Abraaj, she said, “represented itself as a pioneer of impact investing or investing that had a socially responsible impact, that is, doing good while doing well.”
“In truth,” Griswold added, “Abraaj was engaged in a massive fraud.”
It collapsed last year after news reports exposed allegations of fraud and some investors, including the Gates foundation, privately pressed for answers.
Abdel-Wadood, 49, in pleading guilty to charges including racketeering conspiracy and securities and wire fraud, choked up as he acknowledged the firm was covering up fraud for years as it tried to recover from massive “cash shortfalls.”
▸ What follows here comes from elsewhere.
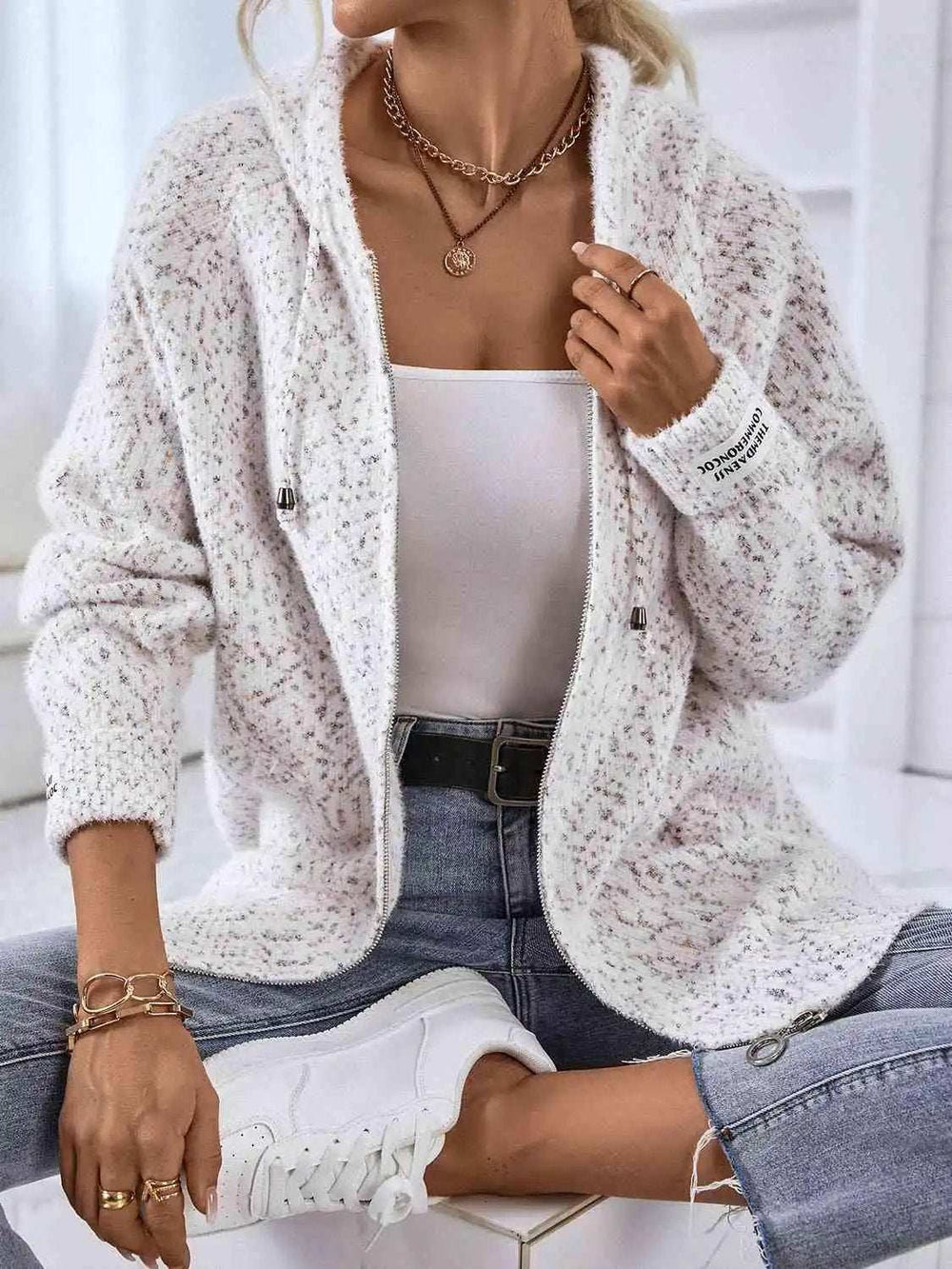 Zip-Up Hooded Sweater - Trendsi - Flyclothing LLC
Abdel-Wadood, who oversaw Abraaj’s investments as a managing partner, said Abraaj had serious liquidity issues by 2014, when Naqvi took steps “to close the gap, steps that disadvantaged our investors.”
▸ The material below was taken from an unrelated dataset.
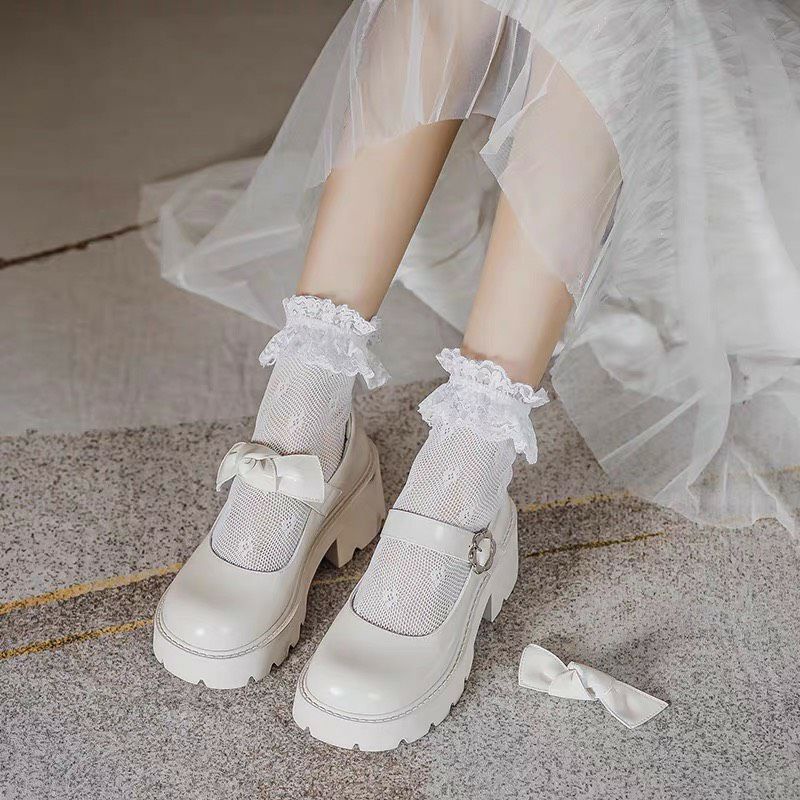 Bowie Platform Mary Jane - Giày da bò nữ  - Giày Mary Jane đế xuồng có nơ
“Put simply, money was comingled that should have been segregated, and investors were not told the truth,” he said.
The fraud culminated in fundraising in 2016 for a new $6 billion fund that attracted interest from U.S. financial companies and retirement funds for state workers in Texas, Washington, Louisiana and Hawaii, according to an indictment charging six individuals, including Abdel-Wadood and Naqvi.
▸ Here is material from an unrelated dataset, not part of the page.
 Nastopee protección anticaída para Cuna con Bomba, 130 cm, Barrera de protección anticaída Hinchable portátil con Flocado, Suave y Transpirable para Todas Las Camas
“We painted a rosy picture of a prosperous firm,” Abdel-Wadood said of the substance of fundraising pitches made to potential U.S. investors in Manhattan and in emails sent across the country.
Executives, he said, overstated the company’s track record.
“At meetings with potential investors, I stood by silently while Abraaj’s track record was overstated and its financial health falsely portrayed,” he said. “I was respected by investors and potential investors. By my presence, I lent my credibility to statements that I knew were not true.”
Abdel-Wadood said there was no formal agreement among Abraaj’s leaders to commit crimes.
“Some of us pushed back at Arif Naqvi’s misconduct,” he said. “Too often, however, we capitulated.”
Abdel-Wadood, an Egyptian national, has been under house arrest in New York since being granted bail in April. His bail conditions were relaxed Friday.
His attorney, Paul Schechtman, called his client’s crimes “a tragic story of a good man who stayed at Abraaj to try to rectify the madness that Arif Naqvi created and along the way participated in the wrongful conduct that he has acknowledged today.”